◆ Work to be completed: From the records that follow, return exactly the lines beginning at the one that contains "Santa Elena Cloud" and ending at the one that contains "Eichhörnchen in Kanada: Frühes", pictures left out.

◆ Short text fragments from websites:
■ ■ ■ ■

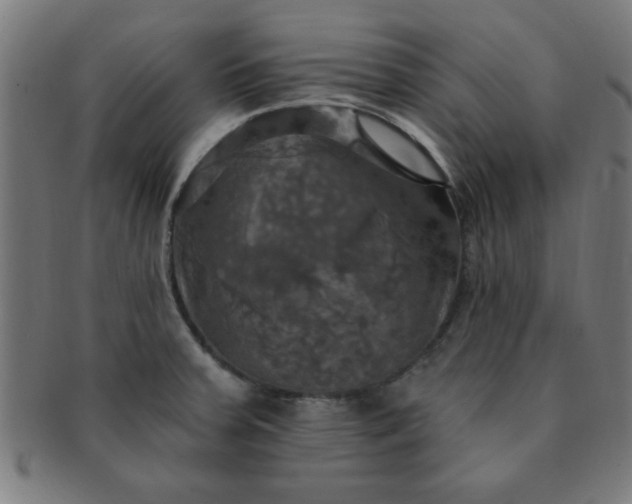 X0000091351379200708241236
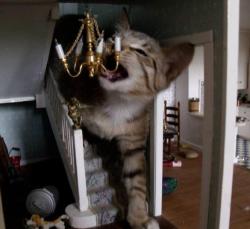 catsdoingsillythings:  giantrobotwar:  and accurate representation of my life.  [Image: a photo of a brown tabby kitten walking down the staircase of a dollhouse and trying to bite the miniature chandelier.] 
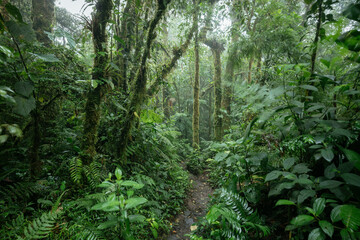 Santa Elena Cloud Forest Reserve, UNESCO World Heritage Site, Guanacaste Province, Costa Rica,...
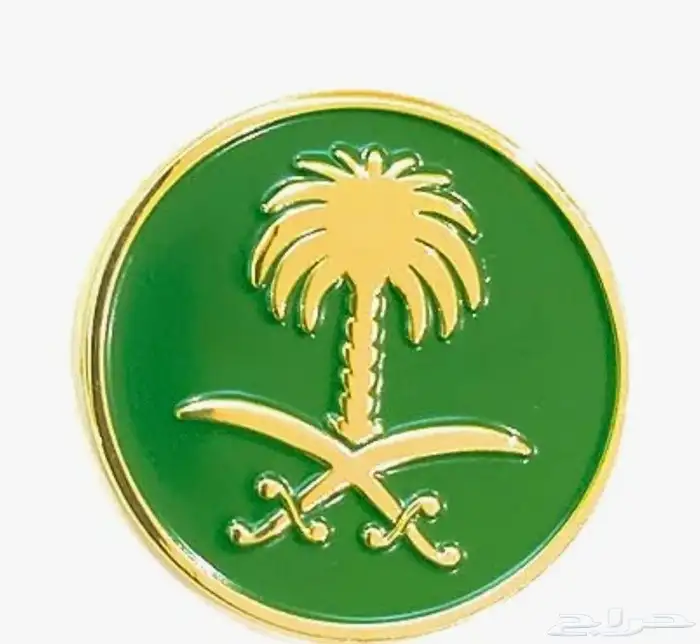 معلمة لكل المراحل الدراسية.. ممتازة في اللغة الانجليزية 0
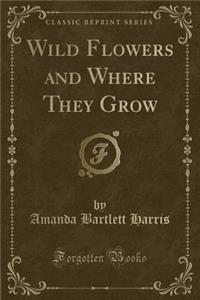 Wild Flowers and Where They Grow (Classic Reprint)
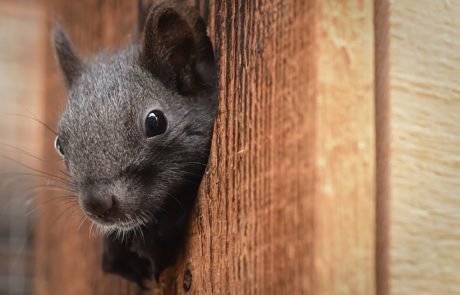 Eichhörnchen in Kanada: Frühes Trauma kann Leben drastisch verkürzen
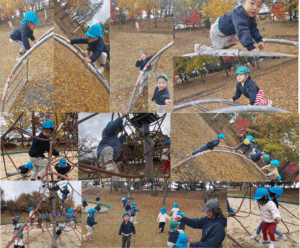 Autumn Fun- Waterfall- 11.10-11.14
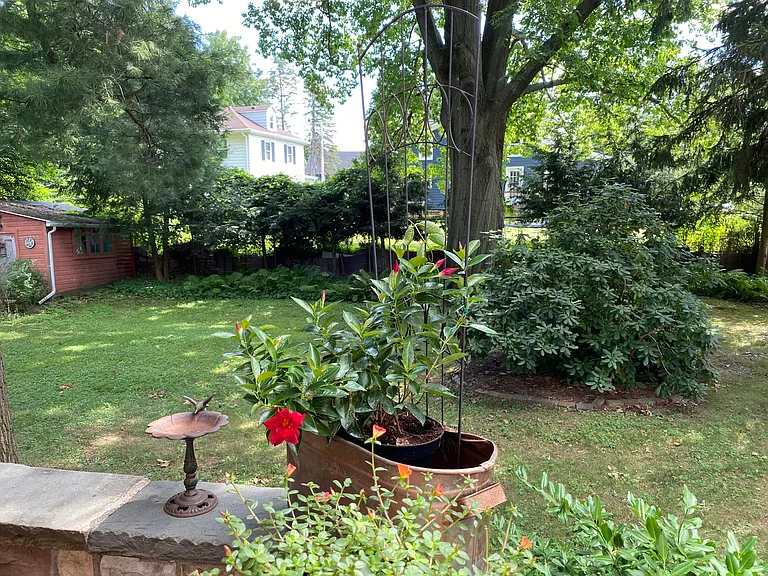 17 Elm St — Photo 4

■ ■ ■ ■

◆ Result of this task:
 Santa Elena Cloud Forest Reserve, UNESCO World Heritage Site, Guanacaste Province, Costa Rica,...
 معلمة لكل المراحل الدراسية.. ممتازة في اللغة الانجليزية 0
 Wild Flowers and Where They Grow (Classic Reprint)
 Eichhörnchen in Kanada: Frühes Trauma kann Leben drastisch verkürzen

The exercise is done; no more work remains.